The Chicago Board Options Exchange Volatility Index .VIX, or VIX, surged to a record high of 58.24 before easing back to close up 15.31 percent to 52.05.
“This is absolutely amazing. The elevated VIX is reflecting that people are unsure about every financial relationship they have ever known not only in the U.S. but worldwide,” said Joe Kinahan, chief derivatives strategist at thinkorswim Group.
Persistent strains in the credit markets added to nervousness about the wider economic outlook, while a spate of bank rescues in Europe heightened worries about the stability of global financial institutions.
“Not only are the U.S. banks in financial trouble but it appears that the European and foreign banks may be in worse trouble due to the credit crisis,” Kinahan added.

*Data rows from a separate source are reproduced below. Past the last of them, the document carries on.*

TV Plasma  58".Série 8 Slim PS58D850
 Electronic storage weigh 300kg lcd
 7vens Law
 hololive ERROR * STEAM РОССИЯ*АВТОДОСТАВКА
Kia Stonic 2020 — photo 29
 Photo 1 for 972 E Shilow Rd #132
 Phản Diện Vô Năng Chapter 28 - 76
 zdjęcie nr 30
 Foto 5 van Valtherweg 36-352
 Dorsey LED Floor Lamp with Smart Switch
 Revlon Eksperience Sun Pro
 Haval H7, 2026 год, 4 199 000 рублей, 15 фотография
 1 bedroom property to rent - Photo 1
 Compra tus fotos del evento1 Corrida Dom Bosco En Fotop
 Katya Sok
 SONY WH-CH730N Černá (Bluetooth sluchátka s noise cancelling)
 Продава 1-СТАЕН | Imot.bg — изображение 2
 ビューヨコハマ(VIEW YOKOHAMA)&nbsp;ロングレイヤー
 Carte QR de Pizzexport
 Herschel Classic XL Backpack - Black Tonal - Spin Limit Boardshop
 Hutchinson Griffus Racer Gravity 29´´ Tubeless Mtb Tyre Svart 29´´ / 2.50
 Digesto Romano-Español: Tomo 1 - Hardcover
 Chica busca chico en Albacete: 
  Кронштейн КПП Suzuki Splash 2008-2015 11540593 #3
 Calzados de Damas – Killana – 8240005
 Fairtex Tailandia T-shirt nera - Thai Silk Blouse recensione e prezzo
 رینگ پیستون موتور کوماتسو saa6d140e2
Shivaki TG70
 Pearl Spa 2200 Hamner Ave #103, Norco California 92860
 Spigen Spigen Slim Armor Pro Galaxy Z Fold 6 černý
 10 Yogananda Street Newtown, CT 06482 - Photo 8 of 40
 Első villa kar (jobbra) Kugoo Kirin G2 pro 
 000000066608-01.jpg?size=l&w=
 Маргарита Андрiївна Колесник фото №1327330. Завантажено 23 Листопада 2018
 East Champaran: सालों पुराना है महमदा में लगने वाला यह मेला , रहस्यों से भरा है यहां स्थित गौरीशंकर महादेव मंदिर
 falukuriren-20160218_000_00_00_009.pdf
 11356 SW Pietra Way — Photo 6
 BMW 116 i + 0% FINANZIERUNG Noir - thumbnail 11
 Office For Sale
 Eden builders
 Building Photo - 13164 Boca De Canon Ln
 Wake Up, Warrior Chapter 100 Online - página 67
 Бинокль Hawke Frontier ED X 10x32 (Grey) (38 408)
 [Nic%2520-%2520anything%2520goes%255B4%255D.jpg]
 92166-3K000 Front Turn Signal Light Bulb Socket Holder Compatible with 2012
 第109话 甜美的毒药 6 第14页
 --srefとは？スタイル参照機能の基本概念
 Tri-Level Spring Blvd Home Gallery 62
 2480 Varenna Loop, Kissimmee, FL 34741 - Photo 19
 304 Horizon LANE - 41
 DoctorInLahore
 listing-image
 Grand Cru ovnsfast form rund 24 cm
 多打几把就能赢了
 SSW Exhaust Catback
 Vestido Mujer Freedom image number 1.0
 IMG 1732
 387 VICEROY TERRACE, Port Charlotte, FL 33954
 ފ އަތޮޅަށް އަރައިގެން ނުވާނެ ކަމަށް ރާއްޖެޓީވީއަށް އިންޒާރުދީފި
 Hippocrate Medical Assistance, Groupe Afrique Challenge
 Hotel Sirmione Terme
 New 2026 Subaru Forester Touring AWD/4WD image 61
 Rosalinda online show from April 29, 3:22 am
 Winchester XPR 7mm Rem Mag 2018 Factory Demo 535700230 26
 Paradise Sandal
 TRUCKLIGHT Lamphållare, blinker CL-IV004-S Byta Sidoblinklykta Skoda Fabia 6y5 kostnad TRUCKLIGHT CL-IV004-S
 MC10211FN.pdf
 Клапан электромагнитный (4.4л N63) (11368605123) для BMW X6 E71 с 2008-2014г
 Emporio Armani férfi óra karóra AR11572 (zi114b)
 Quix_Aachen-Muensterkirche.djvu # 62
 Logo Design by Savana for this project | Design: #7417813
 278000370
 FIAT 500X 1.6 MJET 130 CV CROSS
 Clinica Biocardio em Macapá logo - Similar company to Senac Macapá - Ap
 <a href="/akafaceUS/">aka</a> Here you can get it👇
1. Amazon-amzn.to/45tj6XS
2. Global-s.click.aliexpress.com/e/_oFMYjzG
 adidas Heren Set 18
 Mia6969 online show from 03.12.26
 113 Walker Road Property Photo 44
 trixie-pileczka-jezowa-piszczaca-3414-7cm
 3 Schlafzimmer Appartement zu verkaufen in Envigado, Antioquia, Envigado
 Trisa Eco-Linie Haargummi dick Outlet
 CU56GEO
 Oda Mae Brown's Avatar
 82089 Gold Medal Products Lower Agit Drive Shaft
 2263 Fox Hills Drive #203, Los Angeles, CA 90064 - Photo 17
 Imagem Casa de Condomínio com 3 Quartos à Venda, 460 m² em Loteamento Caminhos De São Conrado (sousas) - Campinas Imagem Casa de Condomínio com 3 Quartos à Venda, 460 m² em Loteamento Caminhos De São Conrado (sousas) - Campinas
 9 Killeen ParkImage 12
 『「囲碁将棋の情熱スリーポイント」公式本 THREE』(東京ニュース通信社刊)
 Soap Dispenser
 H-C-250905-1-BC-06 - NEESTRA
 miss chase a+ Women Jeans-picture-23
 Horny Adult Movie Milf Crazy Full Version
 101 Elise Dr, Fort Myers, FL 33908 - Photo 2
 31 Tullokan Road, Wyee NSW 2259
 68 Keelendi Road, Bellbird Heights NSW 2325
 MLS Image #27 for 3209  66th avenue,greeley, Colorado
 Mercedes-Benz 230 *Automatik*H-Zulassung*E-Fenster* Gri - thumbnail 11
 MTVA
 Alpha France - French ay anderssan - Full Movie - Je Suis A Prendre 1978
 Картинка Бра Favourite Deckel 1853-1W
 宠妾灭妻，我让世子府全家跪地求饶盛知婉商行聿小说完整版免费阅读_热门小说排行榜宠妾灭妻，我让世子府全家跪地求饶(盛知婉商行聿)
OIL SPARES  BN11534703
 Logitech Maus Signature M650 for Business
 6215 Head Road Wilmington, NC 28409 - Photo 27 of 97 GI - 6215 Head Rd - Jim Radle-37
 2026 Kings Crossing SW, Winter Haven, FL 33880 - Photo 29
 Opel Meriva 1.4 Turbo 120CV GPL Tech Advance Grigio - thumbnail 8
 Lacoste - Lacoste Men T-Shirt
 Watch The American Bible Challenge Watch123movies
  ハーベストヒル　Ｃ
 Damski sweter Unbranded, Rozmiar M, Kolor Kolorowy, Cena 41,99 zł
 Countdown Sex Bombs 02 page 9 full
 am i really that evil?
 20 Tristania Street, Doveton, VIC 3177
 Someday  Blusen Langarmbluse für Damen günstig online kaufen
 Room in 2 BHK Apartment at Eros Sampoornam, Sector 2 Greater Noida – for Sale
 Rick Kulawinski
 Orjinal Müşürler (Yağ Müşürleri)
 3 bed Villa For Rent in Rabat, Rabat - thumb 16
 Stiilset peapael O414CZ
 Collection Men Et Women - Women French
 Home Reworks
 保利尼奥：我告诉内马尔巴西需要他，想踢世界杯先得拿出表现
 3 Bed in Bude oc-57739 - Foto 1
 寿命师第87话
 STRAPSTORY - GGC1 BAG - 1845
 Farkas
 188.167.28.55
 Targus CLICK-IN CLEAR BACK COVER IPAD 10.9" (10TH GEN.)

The Dow Jones industrial average .DJI dropped 369.88 points to fall below 10,000 for the first time in four years. The Standard & Poor’s 500 index .SPX fell 3.85 percent to 1,056.89.
The VIX, which reflects investors’ consensus about anticipated stock market volatility over a 30-day period, tends to move inversely to the S&P 500 benchmark, and spikes upward when the market posts sharp losses.
The record level in the VIX on Monday reflects a change in the index made by the CBOE in 2003 to provide a more precise reading on stock market conditions, basing the index on the prices of the more popular S&P 500 options.
The old VIX, introduced in 1993, is based on S&P 100 options, a smaller basket of stocks. That index, the VXO .VXO ,also hit a multiyear high on Monday, closing up 14.95 percent at 59.50, after scoring a new peak of 66.42.
“With today’s high on the VXO of 66.42, it is safe to say the uncertainty now exceeds all times in recent history, with the exception of the crash of 1987 when the old VIX hit 150.19 briefly and remained above the current levels until about Oct. 29, 1987,” said Randy Frederick, director of derivatives at Charles Schwab in Austin, Texas.
From a contrary view of the markets, the spike in the VIX is possibly a sign that investors have overreacted and the equity market is oversold.
But being a contrarian during the recent stock market decline has not been a winning strategy, said Frederic Ruffy, options strategist at website WhatsTrading.com.
He noted each time the VIX moved above key levels at 30, 40 and 50 readings, the stock market experienced a short-term bounce but the rally proved to be short-lived and the S&P 500 eventually faltered, falling to new lows.
Volatility remains exceptionally high and with the ongoing problems in the credit markets, many would-be buyers are likely to remained sidelined, Ruffy added.
“After being burned so many times during the recent market decline, very few investors are going to dive in and try to catch the absolute bottom,” Ruffy said. “Instead, they might wait for signs that volatility is indeed falling and that stocks have found a solid leg to stand on.”